WHAT IS REQUIRED: Would you please copy exactly the line with "Harvey Denim Overall" and all lines that follow it in the data below, through the last one?

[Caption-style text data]
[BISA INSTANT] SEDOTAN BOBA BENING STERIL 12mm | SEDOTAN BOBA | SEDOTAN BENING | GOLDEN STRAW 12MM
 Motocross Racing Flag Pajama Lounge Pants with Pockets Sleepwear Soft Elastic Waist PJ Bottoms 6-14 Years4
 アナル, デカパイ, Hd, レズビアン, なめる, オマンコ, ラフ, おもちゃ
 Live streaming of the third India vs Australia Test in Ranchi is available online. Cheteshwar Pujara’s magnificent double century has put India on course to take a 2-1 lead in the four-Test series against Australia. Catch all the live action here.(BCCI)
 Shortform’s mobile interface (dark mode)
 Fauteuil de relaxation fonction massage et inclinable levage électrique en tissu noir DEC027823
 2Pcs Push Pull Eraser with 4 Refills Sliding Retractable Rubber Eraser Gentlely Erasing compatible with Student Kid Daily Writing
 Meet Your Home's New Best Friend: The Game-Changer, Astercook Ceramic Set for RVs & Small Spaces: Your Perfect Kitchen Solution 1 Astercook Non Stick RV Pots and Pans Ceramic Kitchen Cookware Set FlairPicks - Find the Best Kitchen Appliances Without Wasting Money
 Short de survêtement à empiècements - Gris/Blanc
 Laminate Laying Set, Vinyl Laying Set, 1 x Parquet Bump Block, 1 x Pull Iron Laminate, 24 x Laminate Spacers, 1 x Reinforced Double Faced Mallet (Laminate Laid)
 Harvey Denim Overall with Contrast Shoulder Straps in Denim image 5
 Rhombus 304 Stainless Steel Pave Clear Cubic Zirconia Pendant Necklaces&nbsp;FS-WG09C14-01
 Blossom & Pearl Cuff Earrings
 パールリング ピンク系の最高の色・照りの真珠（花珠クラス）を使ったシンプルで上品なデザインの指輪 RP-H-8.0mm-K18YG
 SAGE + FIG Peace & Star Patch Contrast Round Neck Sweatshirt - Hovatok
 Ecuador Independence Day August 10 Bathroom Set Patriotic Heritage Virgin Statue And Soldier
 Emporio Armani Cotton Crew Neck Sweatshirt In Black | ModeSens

REPLY TO THE EXERCISE:
 Harvey Denim Overall with Contrast Shoulder Straps in Denim image 5
 Rhombus 304 Stainless Steel Pave Clear Cubic Zirconia Pendant Necklaces&nbsp;FS-WG09C14-01
 Blossom & Pearl Cuff Earrings
 パールリング ピンク系の最高の色・照りの真珠（花珠クラス）を使ったシンプルで上品なデザインの指輪 RP-H-8.0mm-K18YG
 SAGE + FIG Peace & Star Patch Contrast Round Neck Sweatshirt - Hovatok
 Ecuador Independence Day August 10 Bathroom Set Patriotic Heritage Virgin Statue And Soldier
 Emporio Armani Cotton Crew Neck Sweatshirt In Black | ModeSens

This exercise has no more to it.